Wir haben schon einen von HP (HP Wireless Upgrade Kit), doch (soweit ich das verstanden habe), tunnelt dieser ein USB-Protokoll und deswegen ist der Einsatz der Software zwingend erforderlich. Der Drucker ist per USB angeschlossen (Samsung CLP-510).

Ich stelle mir das jedoch so vor, dass der WLAN Printserver von den Windowsboardmitteln (alle Windows 7) erkannt wird und somit jeder gleichzeitig drucken kann. Ich will *keine* Zusatzsoftware.

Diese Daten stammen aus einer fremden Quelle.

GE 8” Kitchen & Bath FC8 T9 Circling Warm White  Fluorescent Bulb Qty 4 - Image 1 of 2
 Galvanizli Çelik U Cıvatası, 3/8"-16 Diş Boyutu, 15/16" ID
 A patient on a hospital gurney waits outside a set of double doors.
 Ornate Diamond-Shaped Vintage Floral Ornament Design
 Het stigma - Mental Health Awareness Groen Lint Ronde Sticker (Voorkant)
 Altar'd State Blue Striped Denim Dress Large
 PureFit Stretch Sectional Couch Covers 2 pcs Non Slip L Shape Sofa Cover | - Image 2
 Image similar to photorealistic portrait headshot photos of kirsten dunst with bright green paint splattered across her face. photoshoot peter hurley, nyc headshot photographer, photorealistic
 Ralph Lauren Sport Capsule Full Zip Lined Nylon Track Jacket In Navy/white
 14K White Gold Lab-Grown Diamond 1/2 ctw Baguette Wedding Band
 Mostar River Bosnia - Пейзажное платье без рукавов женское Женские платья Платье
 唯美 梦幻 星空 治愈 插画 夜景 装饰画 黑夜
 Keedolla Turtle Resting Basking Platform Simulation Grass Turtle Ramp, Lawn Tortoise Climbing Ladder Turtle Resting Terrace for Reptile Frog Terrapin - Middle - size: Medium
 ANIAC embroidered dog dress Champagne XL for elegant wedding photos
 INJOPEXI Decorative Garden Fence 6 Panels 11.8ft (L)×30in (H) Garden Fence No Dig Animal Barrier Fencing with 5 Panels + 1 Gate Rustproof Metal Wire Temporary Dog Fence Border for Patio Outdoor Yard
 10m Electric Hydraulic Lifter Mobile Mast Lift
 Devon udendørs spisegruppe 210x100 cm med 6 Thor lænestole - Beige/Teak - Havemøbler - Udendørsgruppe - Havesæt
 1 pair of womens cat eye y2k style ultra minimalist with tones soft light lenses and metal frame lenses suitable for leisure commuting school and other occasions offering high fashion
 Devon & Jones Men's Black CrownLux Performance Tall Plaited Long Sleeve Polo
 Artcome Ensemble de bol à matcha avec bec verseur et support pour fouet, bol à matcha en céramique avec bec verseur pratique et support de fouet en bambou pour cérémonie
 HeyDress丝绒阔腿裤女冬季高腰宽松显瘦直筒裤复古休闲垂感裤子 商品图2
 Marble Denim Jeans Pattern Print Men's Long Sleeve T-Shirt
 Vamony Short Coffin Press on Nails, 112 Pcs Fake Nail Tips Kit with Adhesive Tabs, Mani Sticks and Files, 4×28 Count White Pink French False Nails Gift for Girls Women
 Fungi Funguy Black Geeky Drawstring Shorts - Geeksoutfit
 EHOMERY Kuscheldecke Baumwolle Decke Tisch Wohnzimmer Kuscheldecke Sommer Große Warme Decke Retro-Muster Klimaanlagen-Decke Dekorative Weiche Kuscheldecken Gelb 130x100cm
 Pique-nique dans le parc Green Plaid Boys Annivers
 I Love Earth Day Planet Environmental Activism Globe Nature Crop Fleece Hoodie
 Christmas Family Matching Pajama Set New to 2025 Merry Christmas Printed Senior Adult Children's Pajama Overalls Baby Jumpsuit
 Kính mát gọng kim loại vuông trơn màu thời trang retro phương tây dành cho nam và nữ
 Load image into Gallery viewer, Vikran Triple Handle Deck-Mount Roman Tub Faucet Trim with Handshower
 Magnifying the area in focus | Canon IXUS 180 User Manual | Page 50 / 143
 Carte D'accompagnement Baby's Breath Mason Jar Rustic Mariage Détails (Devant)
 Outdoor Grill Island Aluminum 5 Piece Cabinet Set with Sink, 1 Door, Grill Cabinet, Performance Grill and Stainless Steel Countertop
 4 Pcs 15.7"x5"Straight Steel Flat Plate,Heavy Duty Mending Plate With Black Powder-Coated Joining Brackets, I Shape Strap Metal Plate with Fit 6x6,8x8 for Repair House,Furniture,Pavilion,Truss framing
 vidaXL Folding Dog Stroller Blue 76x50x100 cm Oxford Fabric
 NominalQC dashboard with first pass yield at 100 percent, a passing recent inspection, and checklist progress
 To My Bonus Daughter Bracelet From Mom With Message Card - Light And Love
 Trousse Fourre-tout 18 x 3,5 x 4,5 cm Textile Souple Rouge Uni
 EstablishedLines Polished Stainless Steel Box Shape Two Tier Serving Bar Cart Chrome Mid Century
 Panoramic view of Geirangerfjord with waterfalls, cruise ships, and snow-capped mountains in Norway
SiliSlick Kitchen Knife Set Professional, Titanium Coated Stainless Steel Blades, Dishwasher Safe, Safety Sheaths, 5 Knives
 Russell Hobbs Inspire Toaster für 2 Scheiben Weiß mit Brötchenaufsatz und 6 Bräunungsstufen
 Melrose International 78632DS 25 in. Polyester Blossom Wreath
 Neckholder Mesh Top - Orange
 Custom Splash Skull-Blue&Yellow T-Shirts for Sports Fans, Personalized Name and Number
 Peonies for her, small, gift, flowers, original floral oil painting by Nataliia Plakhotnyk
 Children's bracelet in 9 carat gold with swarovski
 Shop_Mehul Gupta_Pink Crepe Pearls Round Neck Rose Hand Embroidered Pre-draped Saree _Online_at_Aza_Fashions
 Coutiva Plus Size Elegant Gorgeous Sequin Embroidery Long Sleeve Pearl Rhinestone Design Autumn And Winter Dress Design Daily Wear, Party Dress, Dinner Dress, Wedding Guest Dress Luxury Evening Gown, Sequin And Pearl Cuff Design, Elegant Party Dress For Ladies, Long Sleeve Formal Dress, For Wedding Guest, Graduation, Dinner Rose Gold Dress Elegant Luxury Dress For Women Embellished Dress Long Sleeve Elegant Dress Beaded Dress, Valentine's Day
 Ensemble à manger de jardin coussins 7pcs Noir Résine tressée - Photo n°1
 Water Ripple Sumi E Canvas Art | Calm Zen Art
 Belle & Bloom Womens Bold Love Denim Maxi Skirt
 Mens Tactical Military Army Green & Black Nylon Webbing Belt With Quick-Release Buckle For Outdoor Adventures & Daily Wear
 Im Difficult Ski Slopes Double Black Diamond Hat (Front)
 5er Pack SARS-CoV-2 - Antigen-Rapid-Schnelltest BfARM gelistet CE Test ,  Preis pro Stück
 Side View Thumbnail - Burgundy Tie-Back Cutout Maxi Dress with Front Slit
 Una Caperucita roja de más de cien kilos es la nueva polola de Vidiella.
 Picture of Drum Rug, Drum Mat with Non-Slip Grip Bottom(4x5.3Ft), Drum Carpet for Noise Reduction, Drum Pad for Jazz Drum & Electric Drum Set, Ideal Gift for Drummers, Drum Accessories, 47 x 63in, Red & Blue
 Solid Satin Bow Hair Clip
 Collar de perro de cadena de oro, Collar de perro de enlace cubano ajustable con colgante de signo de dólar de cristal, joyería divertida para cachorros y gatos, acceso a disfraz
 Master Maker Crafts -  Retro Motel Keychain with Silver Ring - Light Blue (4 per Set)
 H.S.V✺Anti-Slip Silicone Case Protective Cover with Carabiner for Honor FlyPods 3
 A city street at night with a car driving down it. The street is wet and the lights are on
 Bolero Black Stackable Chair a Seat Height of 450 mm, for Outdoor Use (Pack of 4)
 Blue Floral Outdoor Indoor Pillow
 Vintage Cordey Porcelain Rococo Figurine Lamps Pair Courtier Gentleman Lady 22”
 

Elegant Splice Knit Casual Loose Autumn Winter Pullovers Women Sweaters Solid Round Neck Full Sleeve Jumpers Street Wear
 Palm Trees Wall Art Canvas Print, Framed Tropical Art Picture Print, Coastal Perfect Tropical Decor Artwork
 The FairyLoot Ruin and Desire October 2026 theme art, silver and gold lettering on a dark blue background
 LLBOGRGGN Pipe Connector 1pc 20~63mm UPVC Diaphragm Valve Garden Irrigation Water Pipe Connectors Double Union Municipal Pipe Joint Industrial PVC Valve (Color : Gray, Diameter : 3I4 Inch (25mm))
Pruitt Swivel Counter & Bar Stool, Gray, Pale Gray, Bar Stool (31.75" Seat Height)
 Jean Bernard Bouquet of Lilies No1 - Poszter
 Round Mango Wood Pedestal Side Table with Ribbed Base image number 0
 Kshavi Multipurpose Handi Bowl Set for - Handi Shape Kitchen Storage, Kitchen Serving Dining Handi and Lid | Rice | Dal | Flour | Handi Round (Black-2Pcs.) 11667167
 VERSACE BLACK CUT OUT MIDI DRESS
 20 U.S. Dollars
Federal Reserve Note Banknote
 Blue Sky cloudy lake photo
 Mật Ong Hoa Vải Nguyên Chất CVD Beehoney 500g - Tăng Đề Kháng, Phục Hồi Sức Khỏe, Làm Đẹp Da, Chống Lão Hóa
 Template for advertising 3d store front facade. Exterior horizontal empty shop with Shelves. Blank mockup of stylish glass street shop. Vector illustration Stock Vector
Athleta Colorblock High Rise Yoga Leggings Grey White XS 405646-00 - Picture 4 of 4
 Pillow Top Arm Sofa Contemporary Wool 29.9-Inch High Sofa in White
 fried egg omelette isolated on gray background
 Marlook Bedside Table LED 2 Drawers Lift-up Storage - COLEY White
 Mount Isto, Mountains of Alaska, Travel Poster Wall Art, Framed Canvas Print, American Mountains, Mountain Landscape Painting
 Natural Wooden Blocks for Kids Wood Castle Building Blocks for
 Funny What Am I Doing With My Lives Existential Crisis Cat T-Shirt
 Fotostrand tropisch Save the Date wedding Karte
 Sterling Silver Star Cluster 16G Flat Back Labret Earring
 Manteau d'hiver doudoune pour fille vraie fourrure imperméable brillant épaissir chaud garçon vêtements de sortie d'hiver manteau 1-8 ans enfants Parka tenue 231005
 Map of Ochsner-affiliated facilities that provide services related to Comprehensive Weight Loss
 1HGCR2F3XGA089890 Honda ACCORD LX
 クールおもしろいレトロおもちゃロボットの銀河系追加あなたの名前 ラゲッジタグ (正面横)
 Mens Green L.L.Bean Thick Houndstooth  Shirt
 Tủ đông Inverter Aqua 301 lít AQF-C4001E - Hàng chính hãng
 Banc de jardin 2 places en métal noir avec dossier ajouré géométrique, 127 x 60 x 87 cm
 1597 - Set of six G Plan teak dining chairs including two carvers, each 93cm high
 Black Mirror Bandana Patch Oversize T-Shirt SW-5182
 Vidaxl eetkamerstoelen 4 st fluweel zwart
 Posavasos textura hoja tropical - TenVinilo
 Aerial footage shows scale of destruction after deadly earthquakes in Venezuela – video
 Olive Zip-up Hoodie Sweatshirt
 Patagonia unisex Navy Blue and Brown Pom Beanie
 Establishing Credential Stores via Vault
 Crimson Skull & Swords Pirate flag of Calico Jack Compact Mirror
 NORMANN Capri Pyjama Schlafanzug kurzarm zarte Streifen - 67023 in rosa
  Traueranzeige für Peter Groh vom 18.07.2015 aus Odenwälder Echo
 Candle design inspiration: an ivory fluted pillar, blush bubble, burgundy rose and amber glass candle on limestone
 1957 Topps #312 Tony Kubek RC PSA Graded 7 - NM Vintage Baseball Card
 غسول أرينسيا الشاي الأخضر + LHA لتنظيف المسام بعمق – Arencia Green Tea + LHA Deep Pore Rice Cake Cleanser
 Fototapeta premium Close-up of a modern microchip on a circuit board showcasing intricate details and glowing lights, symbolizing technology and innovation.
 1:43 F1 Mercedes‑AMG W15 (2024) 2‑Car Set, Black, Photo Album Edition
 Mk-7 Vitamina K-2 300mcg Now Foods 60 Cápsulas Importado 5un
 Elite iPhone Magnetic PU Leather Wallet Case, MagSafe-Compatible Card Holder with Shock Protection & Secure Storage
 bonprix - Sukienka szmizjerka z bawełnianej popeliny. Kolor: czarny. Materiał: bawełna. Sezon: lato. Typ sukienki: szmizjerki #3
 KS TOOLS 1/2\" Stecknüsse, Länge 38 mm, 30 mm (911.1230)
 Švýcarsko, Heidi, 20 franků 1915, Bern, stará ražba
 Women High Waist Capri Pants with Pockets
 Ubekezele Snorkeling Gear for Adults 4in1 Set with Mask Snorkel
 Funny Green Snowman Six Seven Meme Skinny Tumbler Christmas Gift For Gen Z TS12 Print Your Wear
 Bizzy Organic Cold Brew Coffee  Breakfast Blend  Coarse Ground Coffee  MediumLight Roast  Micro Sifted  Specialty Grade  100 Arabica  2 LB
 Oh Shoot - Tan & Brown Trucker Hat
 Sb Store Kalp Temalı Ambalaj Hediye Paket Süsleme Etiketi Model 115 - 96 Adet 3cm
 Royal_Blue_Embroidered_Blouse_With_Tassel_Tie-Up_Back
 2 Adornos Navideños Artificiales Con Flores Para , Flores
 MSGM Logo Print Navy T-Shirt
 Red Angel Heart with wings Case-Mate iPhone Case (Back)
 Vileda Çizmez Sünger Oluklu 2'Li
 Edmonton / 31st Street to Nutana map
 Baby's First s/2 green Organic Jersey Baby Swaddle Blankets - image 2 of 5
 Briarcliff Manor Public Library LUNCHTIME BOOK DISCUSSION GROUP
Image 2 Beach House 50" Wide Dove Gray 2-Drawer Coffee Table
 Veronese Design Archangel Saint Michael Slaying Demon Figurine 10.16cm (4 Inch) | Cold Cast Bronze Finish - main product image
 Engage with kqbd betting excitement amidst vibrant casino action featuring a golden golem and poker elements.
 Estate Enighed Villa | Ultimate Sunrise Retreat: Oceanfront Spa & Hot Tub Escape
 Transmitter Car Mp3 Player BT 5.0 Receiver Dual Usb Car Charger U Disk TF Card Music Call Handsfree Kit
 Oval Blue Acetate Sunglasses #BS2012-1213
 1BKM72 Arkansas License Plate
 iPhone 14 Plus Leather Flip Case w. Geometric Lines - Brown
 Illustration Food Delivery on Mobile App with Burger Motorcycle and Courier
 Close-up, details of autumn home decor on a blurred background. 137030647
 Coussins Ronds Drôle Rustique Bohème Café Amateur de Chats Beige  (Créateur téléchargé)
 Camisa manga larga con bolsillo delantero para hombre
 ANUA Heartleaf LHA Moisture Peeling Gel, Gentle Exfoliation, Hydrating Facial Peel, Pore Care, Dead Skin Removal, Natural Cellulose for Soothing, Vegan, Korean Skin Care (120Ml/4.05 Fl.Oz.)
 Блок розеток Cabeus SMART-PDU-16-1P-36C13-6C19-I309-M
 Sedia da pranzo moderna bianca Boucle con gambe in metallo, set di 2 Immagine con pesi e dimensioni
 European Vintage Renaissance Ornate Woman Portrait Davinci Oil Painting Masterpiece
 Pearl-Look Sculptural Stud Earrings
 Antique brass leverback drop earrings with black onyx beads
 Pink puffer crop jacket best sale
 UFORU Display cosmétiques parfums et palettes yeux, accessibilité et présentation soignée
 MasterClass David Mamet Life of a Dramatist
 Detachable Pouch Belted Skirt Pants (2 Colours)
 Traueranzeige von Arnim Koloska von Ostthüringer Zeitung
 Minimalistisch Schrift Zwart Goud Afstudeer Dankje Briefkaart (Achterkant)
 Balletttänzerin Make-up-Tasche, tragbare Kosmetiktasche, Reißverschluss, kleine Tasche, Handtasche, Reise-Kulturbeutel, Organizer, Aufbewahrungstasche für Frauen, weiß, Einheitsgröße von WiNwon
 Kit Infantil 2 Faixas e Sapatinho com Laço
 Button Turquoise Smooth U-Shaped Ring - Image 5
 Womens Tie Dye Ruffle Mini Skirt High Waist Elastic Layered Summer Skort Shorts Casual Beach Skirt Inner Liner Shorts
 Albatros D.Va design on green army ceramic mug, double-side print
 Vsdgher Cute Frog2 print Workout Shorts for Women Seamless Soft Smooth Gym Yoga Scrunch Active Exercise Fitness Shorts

Gibt es so etwas? Wenn ja, kann mir da jemand etwas empfehlen?

Viele Grüße,
Eroli


----------



## PC Heini (12. April 2011)

Hmm, letzthin war ich beim Händler meines Vertrauens und wollte auch solch ein Gerät. Da ich aber noch Paralell Drucker habe, vielen einige Ideen durch. 
Dann die Idee;
 IP to USB. Roline 14.02.5202.APWG
Dies Gerätchen schliesst man dann an einem freien Port am Router an und gut sollte sein. ( Zuerst den Treiber auf allen Geräten installieren. )
Leider warte ich auch noch auf dieses Teil. Sollte jedoch noch diese Woche eintreffen. Dann kann ich mehr darüber sagen.
Aber schaus Dir mal an.


----------



## Eroli (12. April 2011)

Sorry, aber ich konnte kein Produkt unter dieser, zugegeben etwas wirr aussehenden, Bezeichnung finden...


----------



## PC Heini (13. April 2011)

Auch sorry, das sind die Daten die mir der Händler gegeben hat. Aber hier;http://shop.rotronic.ch/de/roline_usb_2_0_hub_uber_ip_4_port_schwarz/14.02.5202.html
So sieht das Teil aus.


----------



## Eroli (13. April 2011)

Das Teil kann auf jeden Fall so einiges (z.B. auch alle anderen USB-Gerät im Netzwerk zur Verfügung stellen).

Klappt das wirklich alles ohne Zusatzsoftware?

Ich finde den Preis allerdings schon etwas hoch, obwohl das ding ja auch mehr kann....


----------



## PC Heini (13. April 2011)

Wie gesagt, ich warte auch noch auf das Teil. Sollte bis ende dieser Woche hier sein. Kann Dir dann berichten, obs taugt.


----------



## Eroli (13. April 2011)

Vielen Dank, ich warte dann noch so lange ;-)


----------



## PC Heini (14. April 2011)

So, das Teil ist angekommen und installiert.
Wie michaelwengert ( warum sein Beitrag nicht angezeigt wird, weiss ich nicht ) schrieb, geht es nicht ganz ohne Software. Jedoch haste mit der nichts zu tun. Die zeigt lediglich den Verbindungsstatus und angeschlossene Garäte an.
Drucker, externe USB Festplatten und USB Sticks funktionieren alle.
Kurzum, ich bin zufrieden mit dem Gerät.


----------